= Assignment =
The data must be given again exactly as written, with all images omitted.

= Collected data =
****************
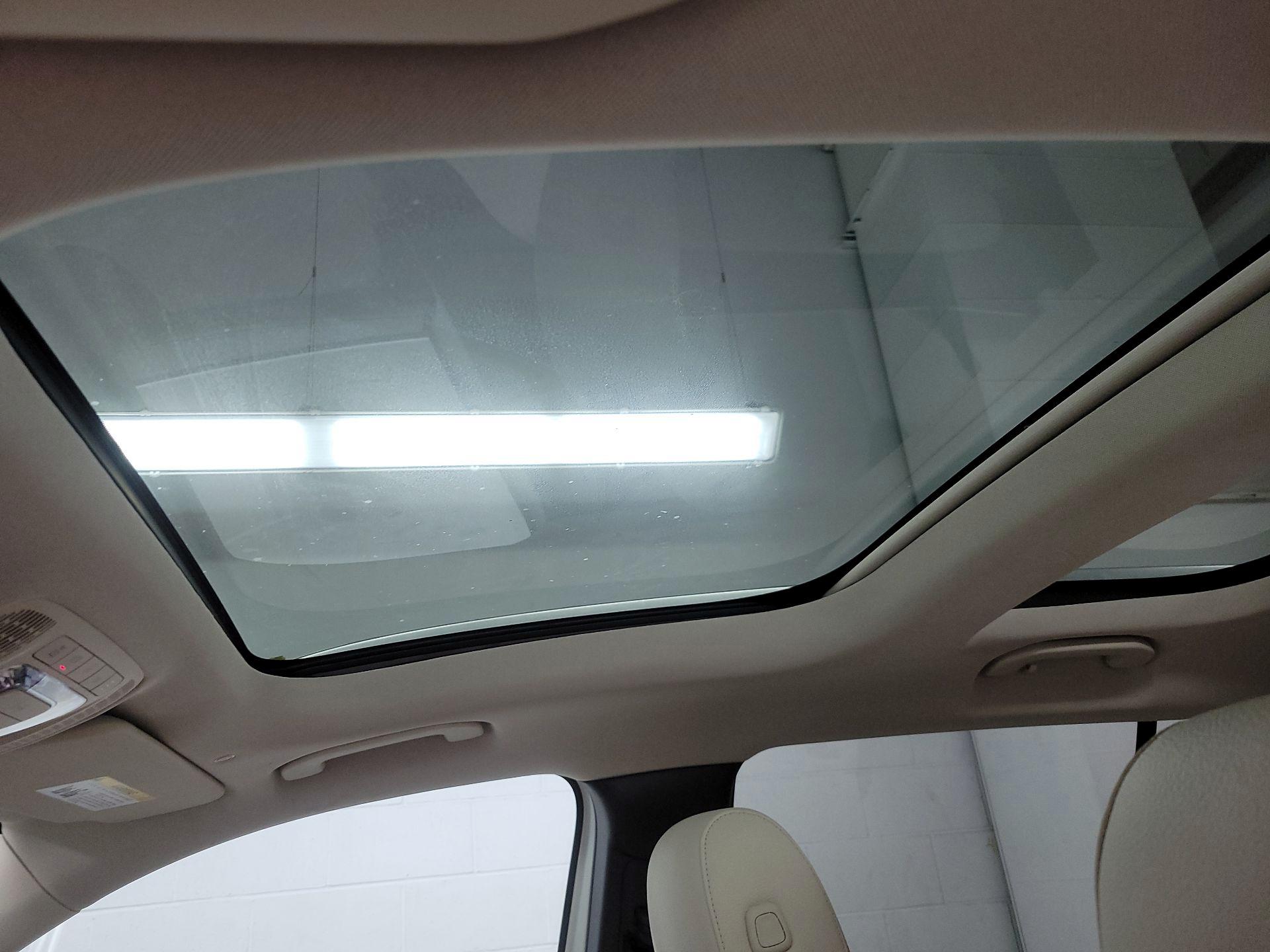 Thumbnail: 2021 Mercedes-Benz GLB - 19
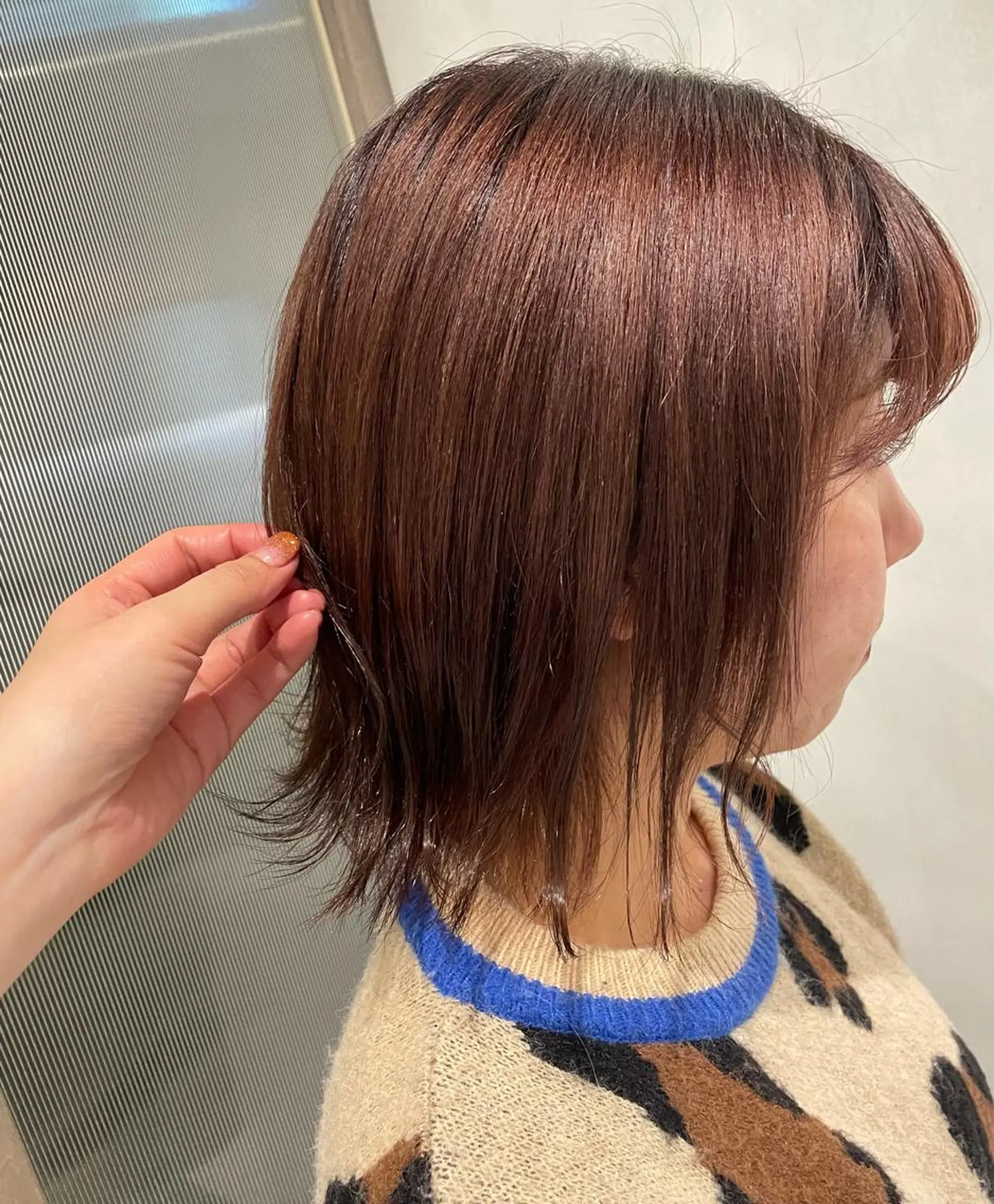 ショート カラー ブリーチ ブラウンカラー ピンクカラー ピンクブラウン エルブランシェ所属・小出 彩水のヘアスタイル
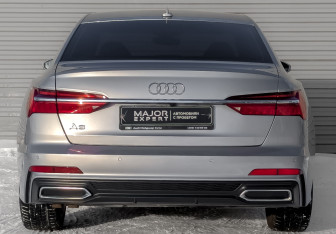 Подержанный автомобиль Audi A6 Sedan 2022 года (6 фото)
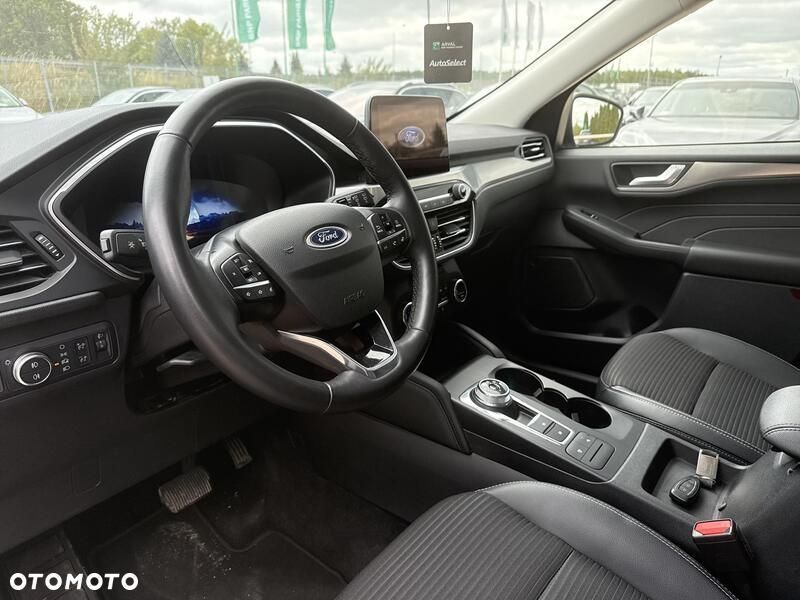 Ford Kuga - 11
****************
= Answer below =
 Thumbnail: 2021 Mercedes-Benz GLB - 19
 ショート カラー ブリーチ ブラウンカラー ピンクカラー ピンクブラウン エルブランシェ所属・小出 彩水のヘアスタイル
 Подержанный автомобиль Audi A6 Sedan 2022 года (6 фото)
 Ford Kuga - 11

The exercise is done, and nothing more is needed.